While Australian employers unexpectedly cut payrolls in December and the unemployment rate rose, the economy expanded 3.1 percent from a year earlier in the third quarter, among the fastest in the developed world.
The Reserve Bank of Australia’s latest benchmark rate cut to 3 percent on Dec. 4 made it 1.75 percentage points in reductions in 14 months, which may aid Labor’s re-election chances as about 90 percent of the nation’s mortgages are at variable rates.
Gillard’s Labor rose 3 percentage points to 49 percent on a two-party preferred basis, with Tony Abbott’s Liberal-National coalition falling 3 points to 51 percent, according to a Newspoll survey published in the Australian newspaper on Jan. 15. The measure is the best gauge of which major party will probably to win the seats required to form a government.
With an election to be held by Nov. 30, Swan said on Jan. 18 the government wouldn’t cut spending in its annual budget, to be delivered May 14, at the expense of its policy commitments to revamp funding for education and disability welfare.
Gillard is seeking to legislate in parliament this year to implement some of the changes in schooling urged in a report headed by Australian Future Fund Chairman David Gonski.
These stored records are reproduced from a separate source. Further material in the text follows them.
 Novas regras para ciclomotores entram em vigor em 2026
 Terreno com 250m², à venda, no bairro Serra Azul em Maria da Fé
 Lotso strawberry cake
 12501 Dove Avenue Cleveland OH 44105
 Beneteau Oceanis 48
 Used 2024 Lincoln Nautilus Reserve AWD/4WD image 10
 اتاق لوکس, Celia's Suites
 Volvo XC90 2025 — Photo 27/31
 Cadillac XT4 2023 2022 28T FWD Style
The report found earlier this year that spending may need to rise by about A$5 billion a year to improve education at government- funded schools, particularly in disadvantaged and rural areas.
“Let me be crystal clear,” Swan said in New York. “The budget outcome for 2012-13 has no bearing at all on our determination to make room for our medium-term priorities like the Gonski education reforms and the National Disability Insurance Scheme.”
Swan also said a priority for the government was boosting labor productivity growth, “which has been in structural decline for the past decade or so.”
Looking overseas, Swan said China was managing its transition to more consumption-led growth “pretty well.” He called on Europe to balance fiscal restraint with the needs of stimulus and growth and said he was “deeply” concerned about the looming U.S. debt ceiling debate.
“It’s the responsibility of all leaders, governments and commentators around the world to ensure that sensible realism about these challenges doesn’t morph into undue pessimism, which itself hurts confidence,” Swan said in his note yesterday. “Endless pessimism is in itself a risk to the global recovery, just as it weighs on business and consumer sentiment in Australia’s economy.”